If its not obvious, I do a ton of shit. I often look at it as, “well, life is finite so I’m going to do all I possibly can before I’m not able to/the world ends”.

The issue is twofold. One is, guilt. “Do I really need this stuff? Do I need another video game? Do I need to plan for another shed for garden items or is what i have just fine?”

Secondly, it makes it hard to relax. Sure, I can chill and sit and read and listen to music sometimes, but I’m always thinking, life is draining away, everything is getting worse and more expensive, I really should be finishing projects and getting stuff done before something bad happens"
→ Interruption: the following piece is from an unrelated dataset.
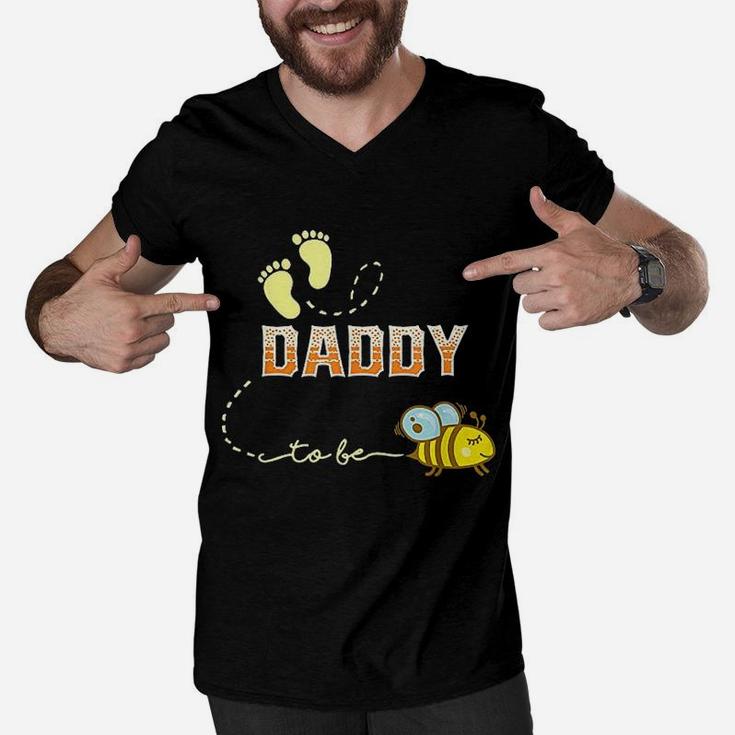 Daddy To Bee Soon To Be Dad Gift For New Daddy Men V-Neck Tshirt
Then you see all those psycho linked in folk who are always talking about bettering yourself and getting up at 5 am every day to go for a run. That’s not me. But then i wonder if I’m not living up to my potential.

If this sounds like a first world problem, it is. I’m very spoiled. I work 65 hours a week but its a fine job. A little boring (maybe thats why i feel underutilized, my brain likes to go full speed) but I’m not in the mines or anything. I know MANY others have it far far worse.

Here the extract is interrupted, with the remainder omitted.